Start of Exercise data

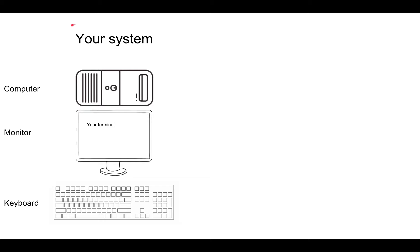We're going to start from your own system. Your system has three components: the computer itself, the monitor, and the keyboard.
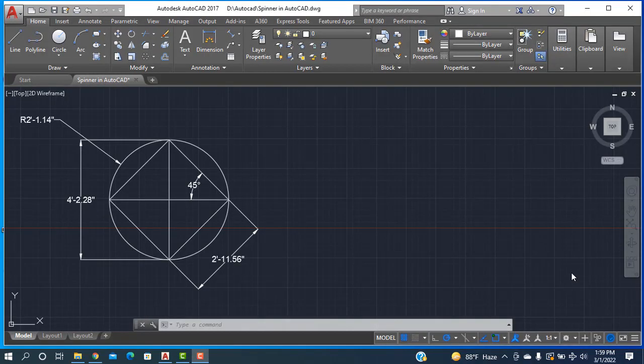Hello, Assalamu Alaikum, welcome to Redesign Engineering. Today I'll show how to sketch a rectangle inside a circle by using the triangle. Before going to start, I'm requesting everybody: if you did not subscribe my channel, please subscribe it and also press the bell icon to get the new videos.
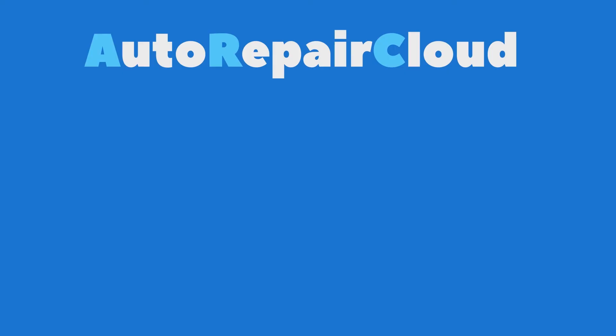We hope that you will find these features useful. Please subscribe to the channel to learn about the latest Auto Repair Cloud updates and see you soon in our new video.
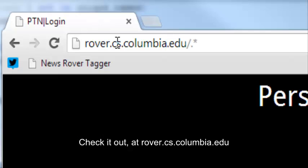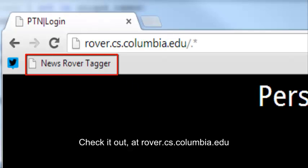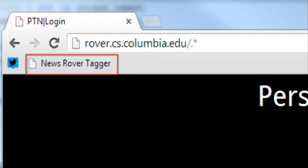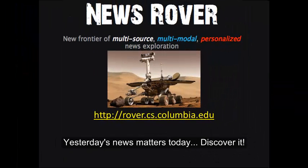Check it out at rover.cs.columbia.edu. Yesterday's news matters today. Discover it.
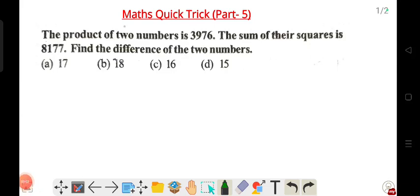Welcome to Math's Quick Trick Part 5. If you want Part 1, Part 2, Part 3, Part 4, find the link in the description. I'm going to complete number five for you — a good technique. Questions are coming in the traditional way, tips and tricks to score, so let us come to the question.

End of Exercise data

» **Task to complete**: The required output is the exact run of lines from the start of the records through the line containing "Check it out", both ends included, with no pictures.

» **Completed task**:
We're going to start from your own system. Your system has three components: the computer itself, the monitor, and the keyboard.
Hello, Assalamu Alaikum, welcome to Redesign Engineering. Today I'll show how to sketch a rectangle inside a circle by using the triangle. Before going to start, I'm requesting everybody: if you did not subscribe my channel, please subscribe it and also press the bell icon to get the new videos.
We hope that you will find these features useful. Please subscribe to the channel to learn about the latest Auto Repair Cloud updates and see you soon in our new video.
Check it out at rover.cs.columbia.edu. Yesterday's news matters today. Discover it.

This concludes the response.